Radioactive Water to be Released into Pacific Ocean
Green groups are outraged after Tokyo Electric Power Company Holdings confirmed that it was planning to release radioactive material from the Fukushima Plant into the Pacific Ocean. The company, which owns the crippled nuclear power plant, said that the ‘decision had been made’. The plant currently stores around 770,000 tonnes of radioactive material in 580 storage tanks, and is rapidly running out of space.
However, environmentalists are against the move because tritium is still present in the radioactive water – an isotope for which there is currently no filtering technology. It has a twelve year half life and is used in nuclear energy production, as well as for materials that are designed to glow in the dark. Local fishermen are also fearful that their livelihoods will be damaged by the decision too, if customers boycott catches.
Concerns Over Water
Tepco has argued that the release of the tritium polluted water is a common practice at operating nuclear plants, but the company is facing stiff opposition. Ongoing efforts to store the water have been dogged by leaks and slow decision making, dragging out the decommissioning programme which will already take decades and cause widespread public concern.
Speaking to The Telegraph, Green Action Japan said that the Japanese authorities should be able to come up with a better way to deal with the contaminated water than by simply releasing it into the ocean – setting a dangerous precedent that would allow other nuclear waste processors to follow suit.

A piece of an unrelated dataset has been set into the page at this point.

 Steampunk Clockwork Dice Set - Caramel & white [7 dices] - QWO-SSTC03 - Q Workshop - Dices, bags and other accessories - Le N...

Tepco is under heavy pressure from local and central governments to make good progress on the tank decommissioning process of each of the Fukushima reactors, work carried out by companies such as http://www.ashremediation.co.uk/tank-decommissioning/. Widespread local opposition to nuclear use in the local area means that the Kawamura plant is expected to close, but the company hopes to bring the Kashiwazaki-Kariwa nuclear back into use.
The local prefecture is carrying out a review of this plant, and the anticipated delay means that it will not be able to go online until 2020 at least. The concern continues after the huge subsea earthquake in 2011 which created a massive tsunami wave and knocked out the Fukushima reactors, whilst killing 18,000 people. Three of the reactors went into meltdown in the worst nuclear accident the world has witnessed since Chernobyl in 1986.